(Your goal):
Copy every record word for word. The images stay behind.

*** Given records Section Begins ***

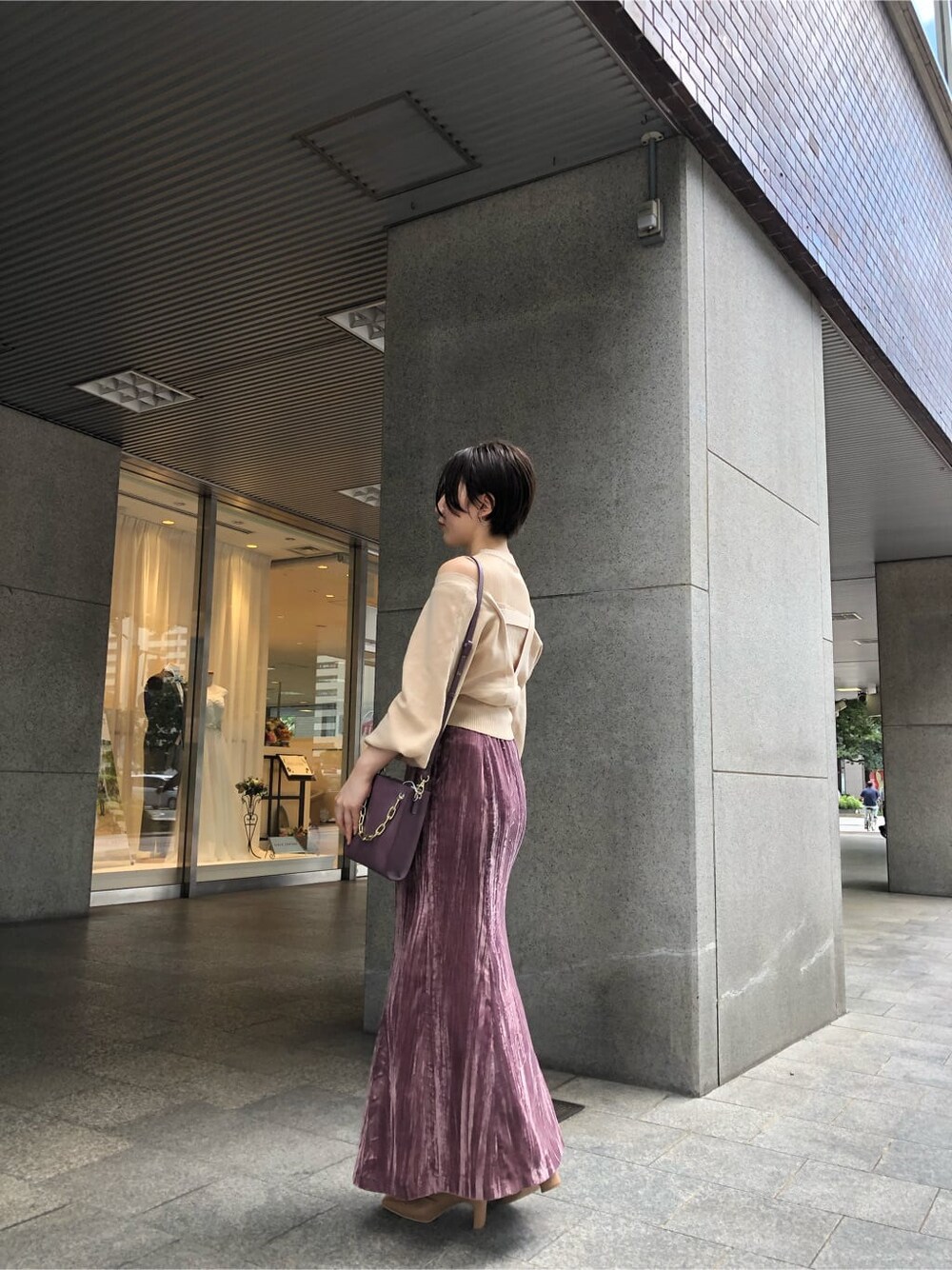 ピンク系のスカート、ベージュ系のその他シューズ、ホワイト系のニット/セーターを着用したレディースの秋コーディネートの3枚目の写真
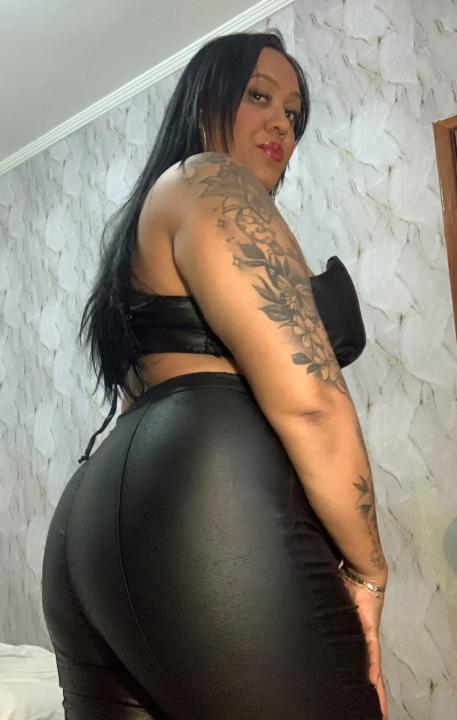 Webcam chat profile for Lira: Dominatrix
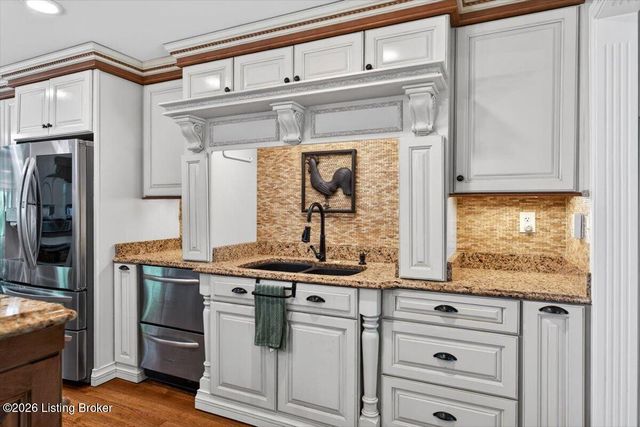 401 Old Stone Dr, Simpsonville, KY 40067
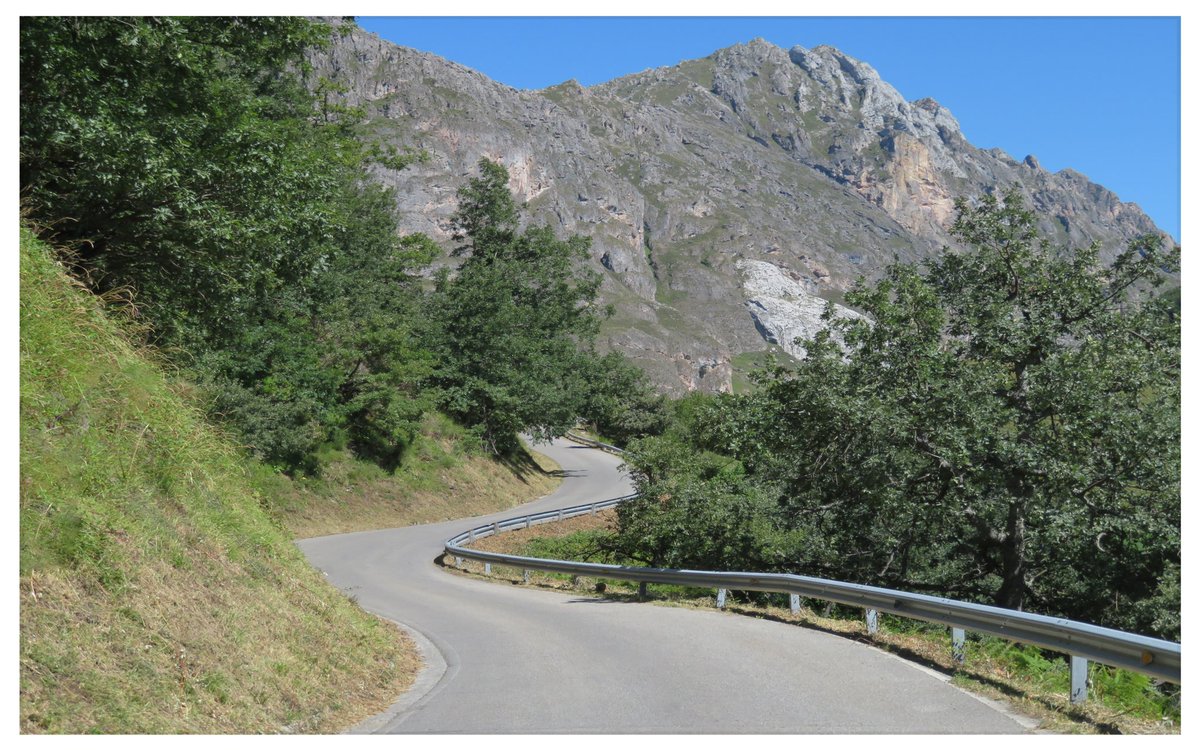 Route 1 - La Farrapona in Somiedo 
#valledelago #somiedo #parquenaturaldesomiedo #tourism #outdoors #biketrip #cyclingtravel #travelphotography #beautifuldestination #luxurytravel #cyclinggoals #adventure #getoutside#holidays #cyclingexperience #asturias 🌍: Valle de Lago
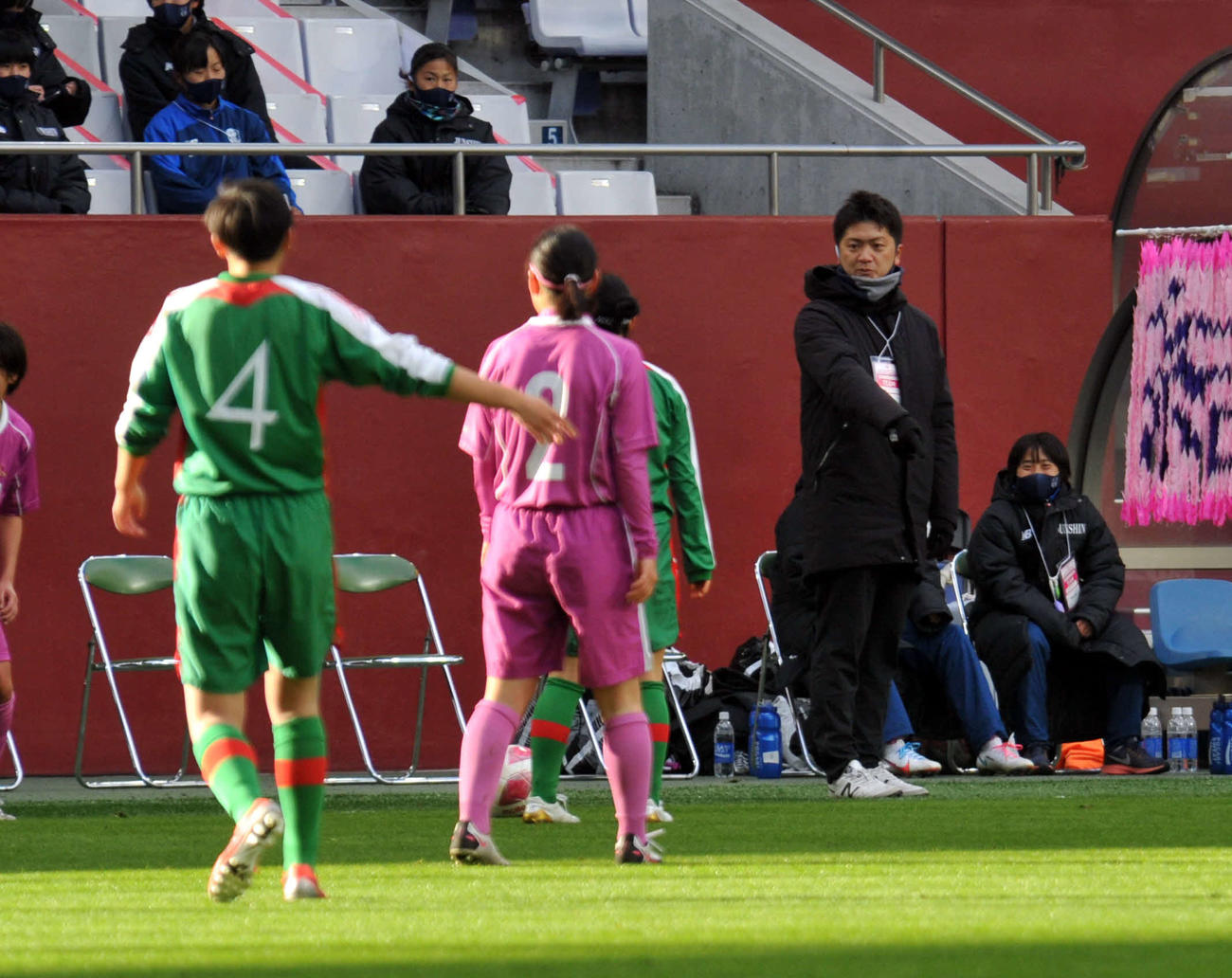 1月の全日本高校選手権決勝で、選手に指示を伝える中村氏（右）
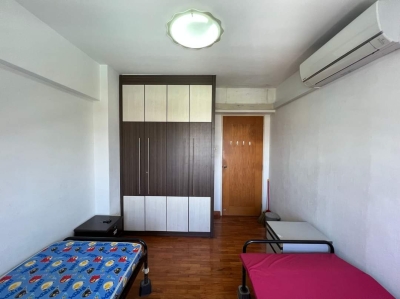 One Male Roommate (Common room) for rent near pioneer MRT. (4min walking distance) S$575/Pax (Long/ Short Term)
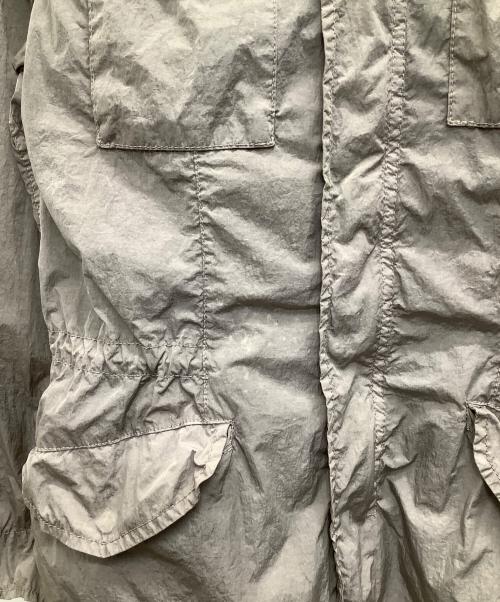 HEVO（イーヴォ）HEVO (イーヴォ) ナイロンジャケット ベージュ サイズ:48の古着・服飾アイテム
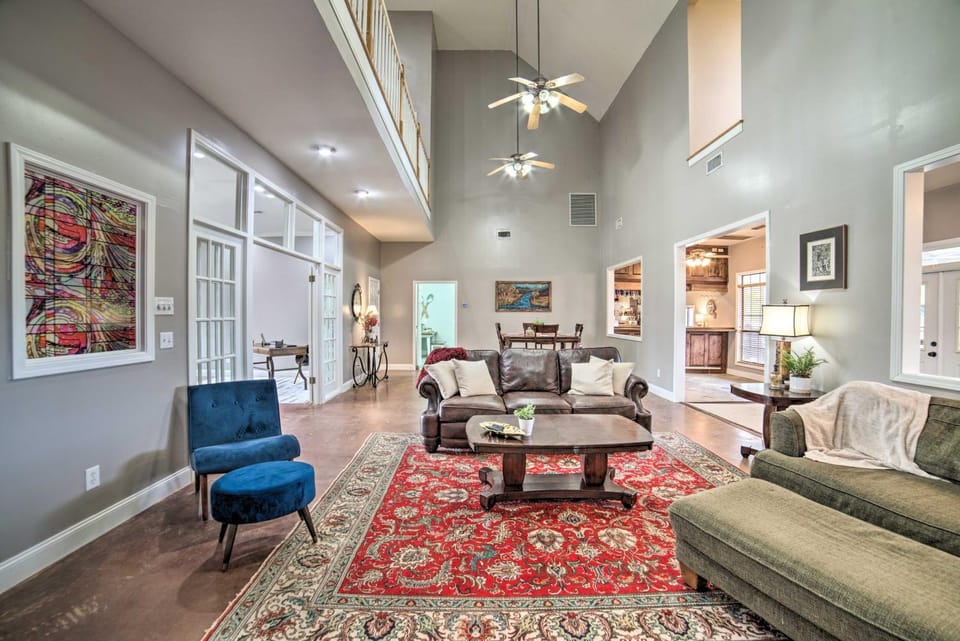 Starkvegas Clubhouse ~ 2 Mi to MSU Campus! House in Mississippi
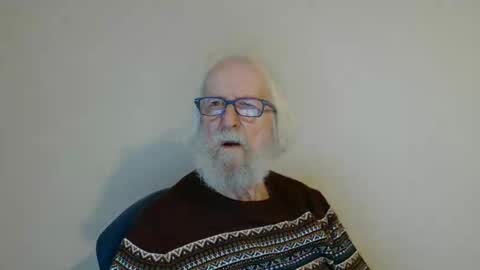 Snapshot of onanister chatting on 02-01-25, 07:36 Somewhere over the rainbow online show from 02-01-25, 07:36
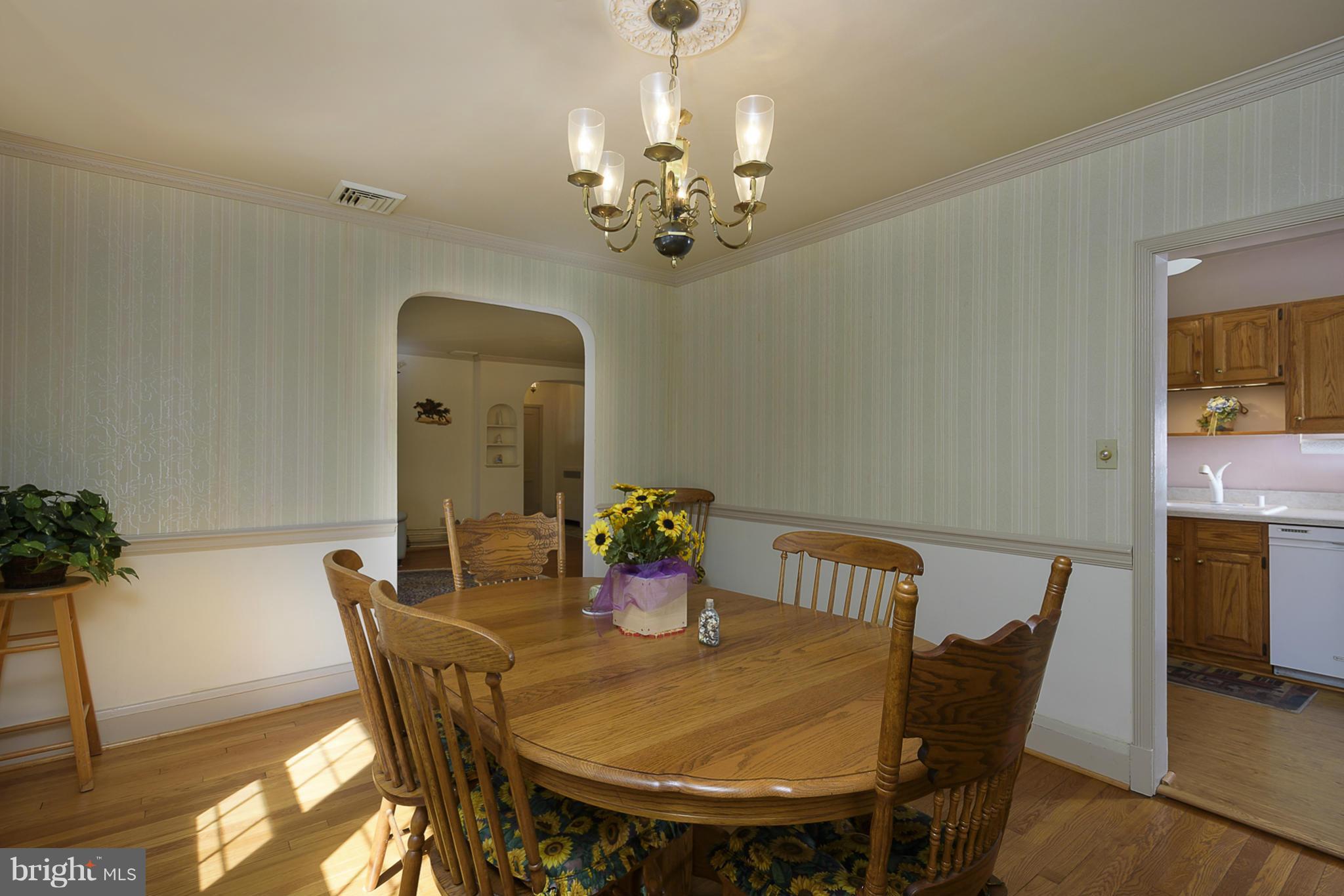 24 Somerset Road Catonsville, MD 21228 - Photo 9 of 29 DINING ROOM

*** Given records Section Ends ***

(Solution to this exercise):
 ピンク系のスカート、ベージュ系のその他シューズ、ホワイト系のニット/セーターを着用したレディースの秋コーディネートの3枚目の写真
 Webcam chat profile for Lira: Dominatrix
 401 Old Stone Dr, Simpsonville, KY 40067
 Route 1 - La Farrapona in Somiedo 
#valledelago #somiedo #parquenaturaldesomiedo #tourism #outdoors #biketrip #cyclingtravel #travelphotography #beautifuldestination #luxurytravel #cyclinggoals #adventure #getoutside#holidays #cyclingexperience #asturias 🌍: Valle de Lago
 1月の全日本高校選手権決勝で、選手に指示を伝える中村氏（右）
 One Male Roommate (Common room) for rent near pioneer MRT. (4min walking distance) S$575/Pax (Long/ Short Term)
 HEVO（イーヴォ）HEVO (イーヴォ) ナイロンジャケット ベージュ サイズ:48の古着・服飾アイテム
 Starkvegas Clubhouse ~ 2 Mi to MSU Campus! House in Mississippi
 Snapshot of onanister chatting on 02-01-25, 07:36 Somewhere over the rainbow online show from 02-01-25, 07:36
 24 Somerset Road Catonsville, MD 21228 - Photo 9 of 29 DINING ROOM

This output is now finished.